Question

How do you solve `\frac { 1} { n - 4} = \frac { 1} { n ^ { 2} - 6n + 8} + \frac { 5} { n - 4}`?

Answer 1

`n=7/4`

Explanation:

This prblem will get a little messy. but if we take it step-by-step, it shouldn't be too bad.

Starting with `1/(n-4)=1/(n^2-6n+8)+5/(n-4)`, my fisrt operation is to subtract `5/(n-4)` on both sides.
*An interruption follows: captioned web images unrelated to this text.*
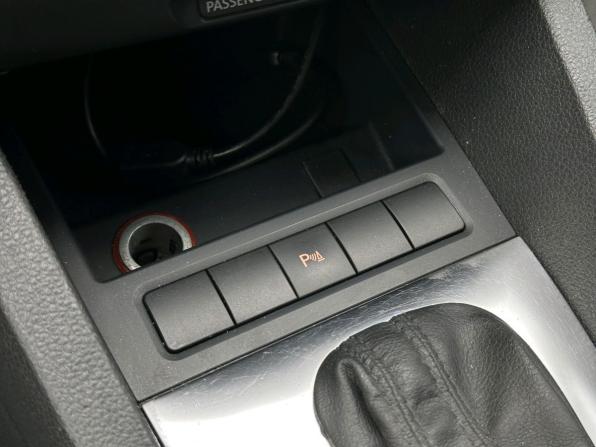 Volkswagen Jetta VI с пробегом 2012 года, цена 590 000 рублей, 170859 км, седан, Автокод Объявления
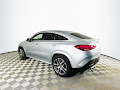 2025 Mercedes-Benz GLE GLE 53 AMG®
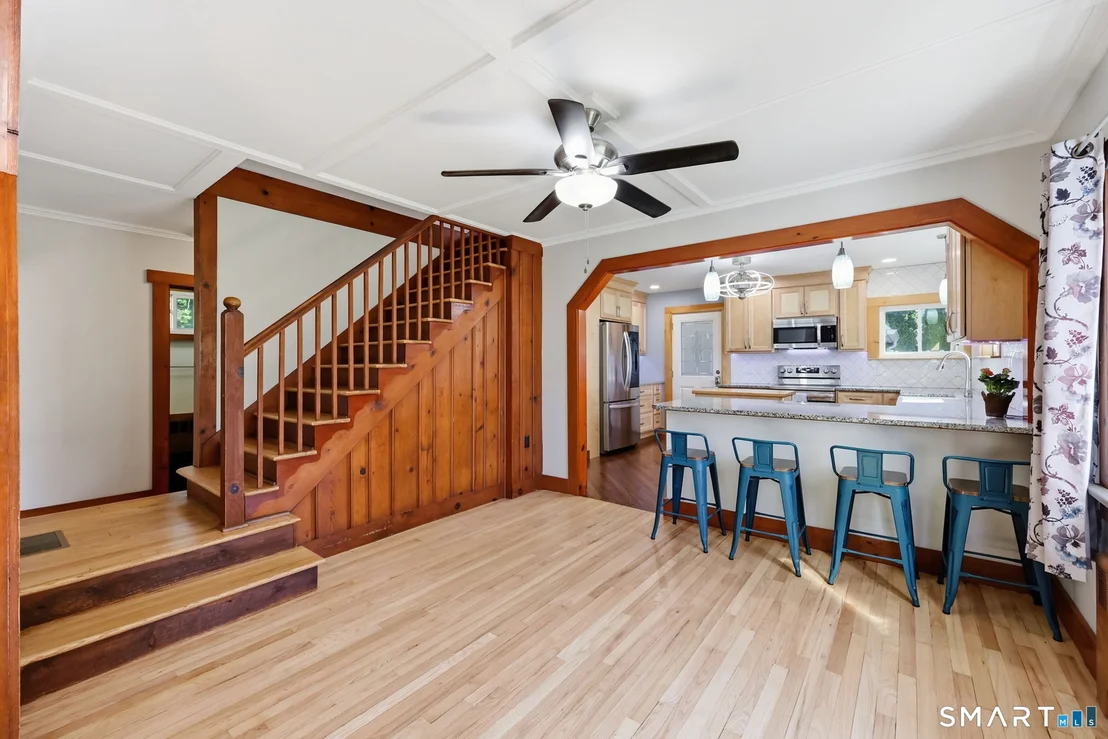 Photo of 28 Pond Road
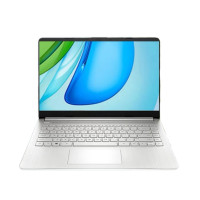 15.6" Игровой ноутбук OLOEY T04-T, Intel Celeron J4125 (2.0 ГГц), RAM 24 ГБ, SSD, Intel HD Graphics 600, Windows Pro, Российская клавиатура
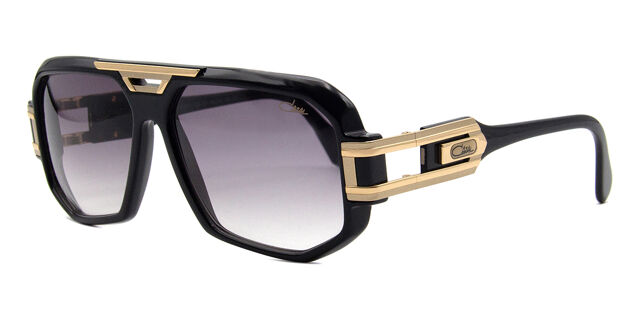 Cazal 675 001 glasses Buy online now SmartBuyGlasses US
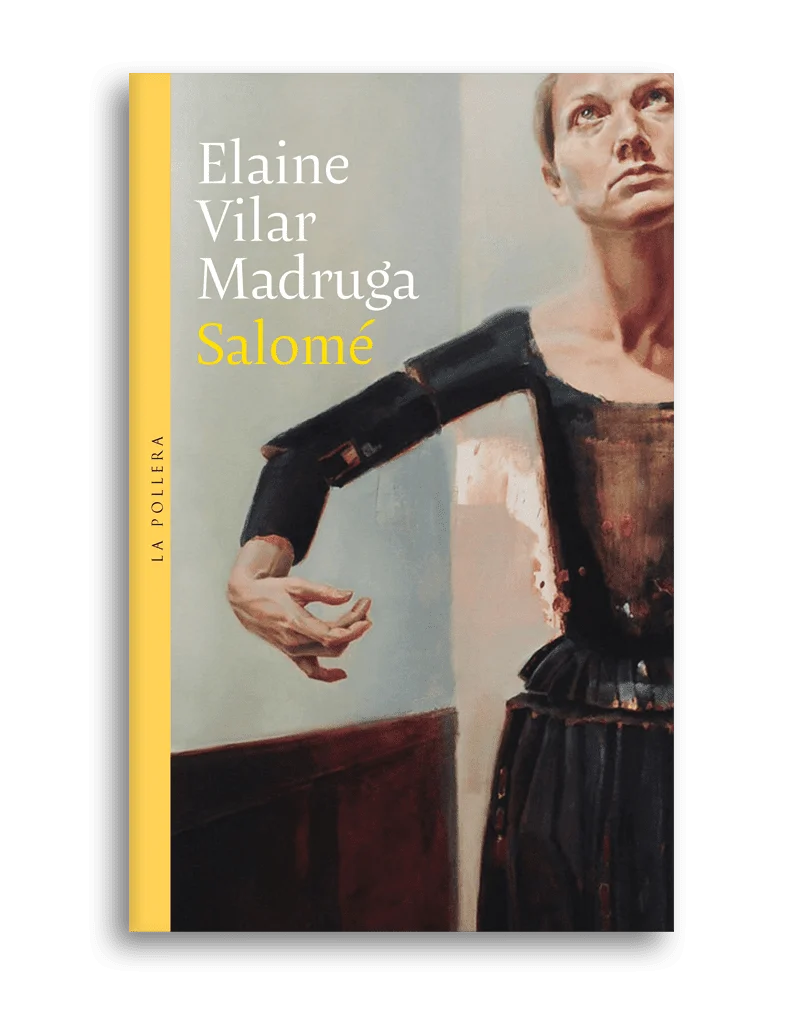 Salomé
That gives us `(-4)/n-4=1/(n^2-6n+8)`. If we factor `n^2-6n+8`, we get `1/((n-2)(n-4))`. That can be rewritten as `(-4)/(n-4)= 1/(n-2)*1/(n-4)`.

My next step is to divide both sides by `1/(n-4)`. Here's where things get ugly: `((-4)/(n-4))/(1/(n-4))`, or `(-4)/cancel(n-4)*cancel(n-4)/1`. This leaves us with `-4=1/(n-2)`.

From here, we just multiply both sides by `n-2`, giving us `-4n+8=1`. Subtracting `8` both sides gives us `-4n=-7`. We just divide `-4` on both sides, and `n=7/4`.